While Wright’s account contributes to the discussion of Pauline divine Christology in the manners just mentioned, it also seems to contain several problems. First, given that Wright adopts Bauckham’s divine identity paradigm (and then nuances it from the angle of YHWH’s return to Zion), we should direct to Wright a criticism normally raised for Bauckham’s use of “divine identity.” Since the term “identity” is not drawn directly from primary sources (i.e., Scripture or Second Temple Jewish literature) but is, instead, what Bauckham himself has coined, it is surprising that a scholar of Wright’s caliber has not made much effort to justify his adoption of that term (Cf. Dunn, Did the First Christians Worship Jesus?, 144).
Second, although YHWH’s return to Zion was expected by many Second Temple Jews, it is not clear whether the majority believed that they themselves were still in exile while living back in their homeland. Wright does not seem to sufficiently consider diversity within first-century Judaism at this point. Some circles might have held this view proposed by Wright, but it is unclear whether that would apply to the bulk of first-century Jews.

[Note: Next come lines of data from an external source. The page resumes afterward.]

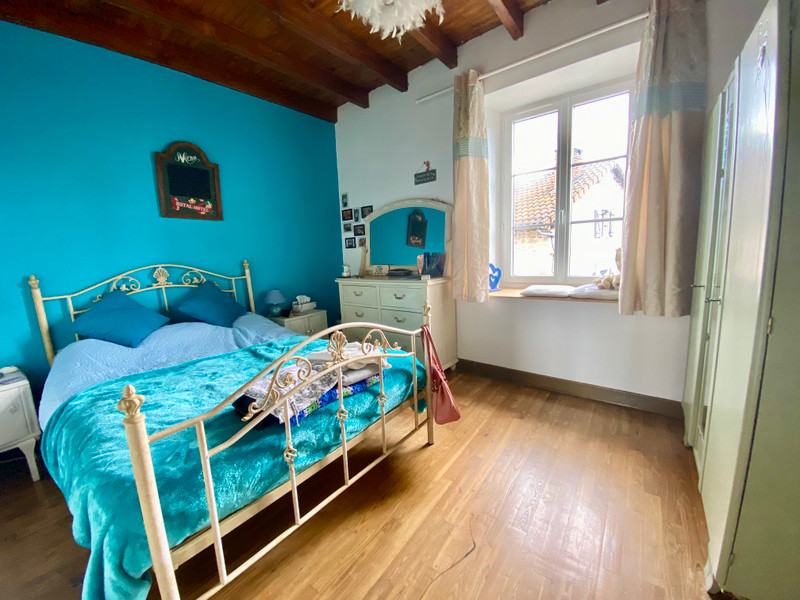 French property for sale in Les Salles-Lavauguyon, Haute-Vienne - €99,500 - photo 5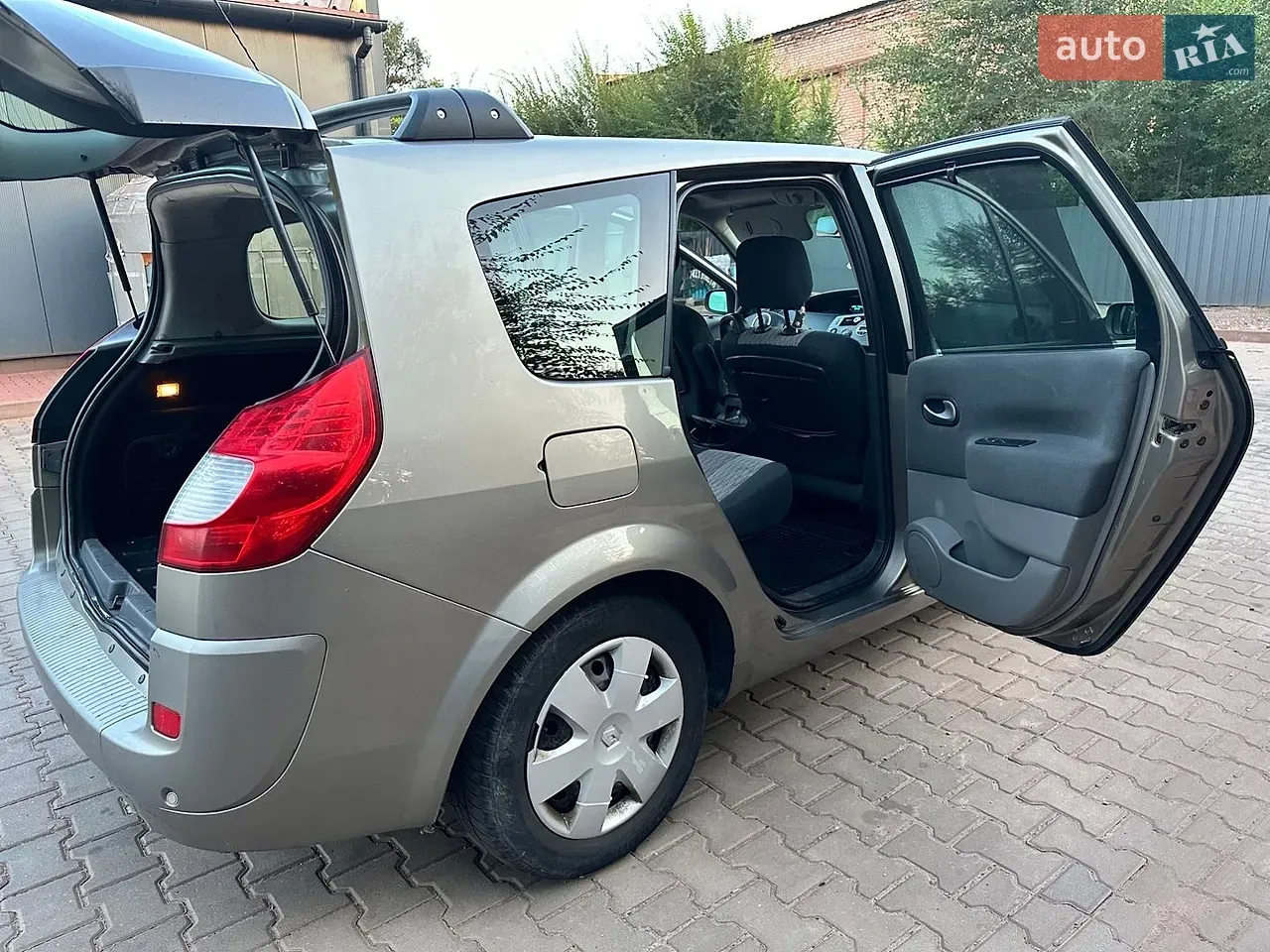 Renault Grand Scenic 2008 photo 4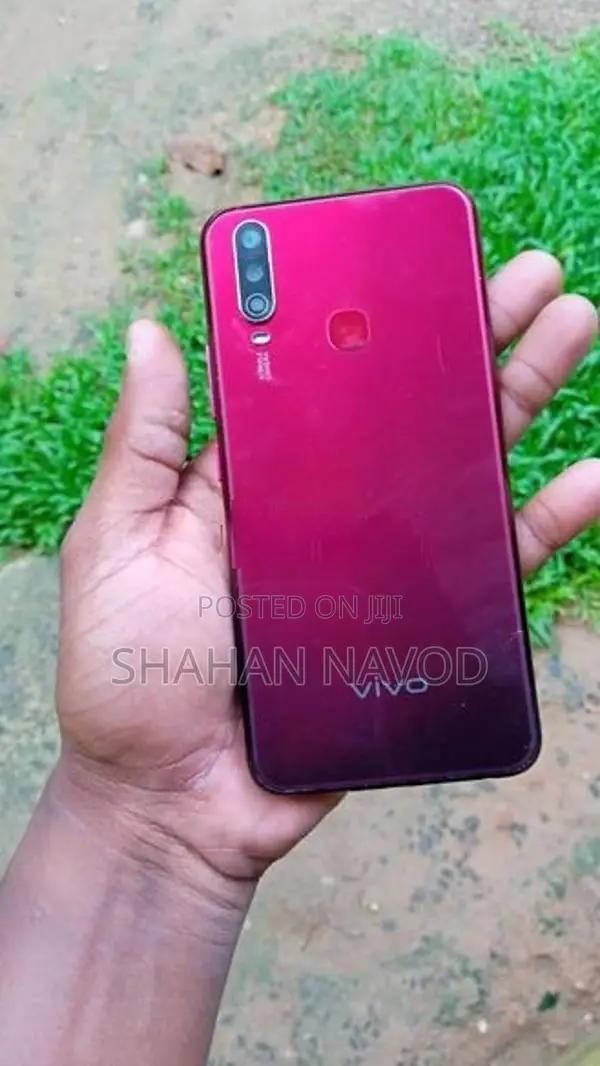 Vivo Y17 6GB/128GB (Used)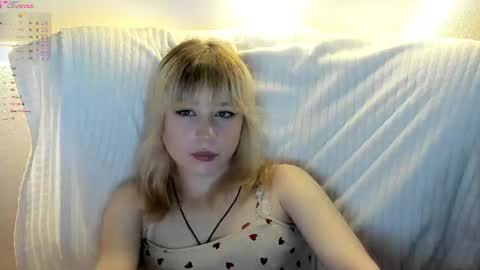 miakimiko online show from June 13, 1:25 am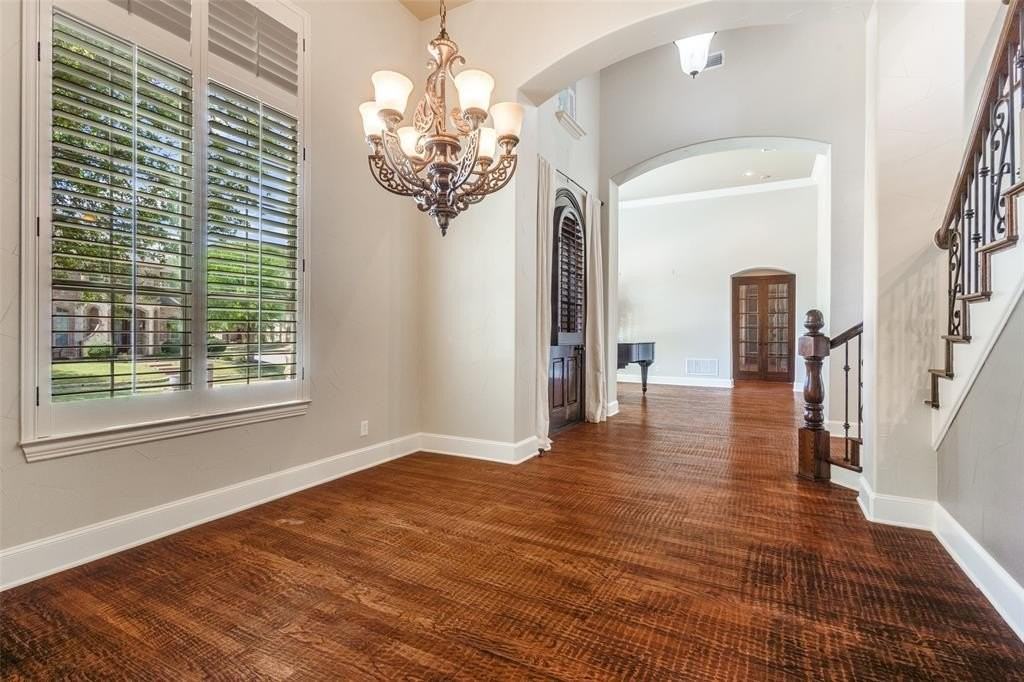 901 Sandy Trl - Photo 6 of 36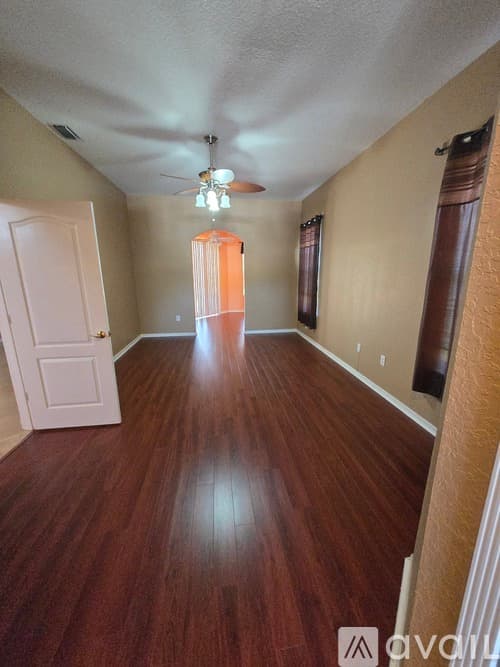 Zephyrhills House: 1821 Tangledvine Dr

Also, as Timo Laato has pointed out, Wright’s language appears to be exaggerative, if not too simplistic, especially when equating (a) socio-political oppressions and limitations that Second Temple Jews experienced with (b) an “exile.” Those oppressions and limitations were certainly present at different points. However, whether Second Temple Jews identified those experiences as an “exile” is another matter or at least a matter at another level. While recognizing that the concept may possibly be present without the word itself, it is noteworthy that the New Testament does not explicitly speak of “exile” except one place (Matt 1:1-17, esp. vv. 11-17). Such rarity does not seem to work well with Wright’s assertation that first-century Jews were regarding them as still exiled. Various degrees and extents of oppression and problems were certainly there among the Second-Temple Jews, but those experiences cannot and should not be too hastily equated with an “exile.” To demonstrate that this notion is central to Paul (and the NT), Wright should answer the question of why, then, Paul (and the NT) does not express it often.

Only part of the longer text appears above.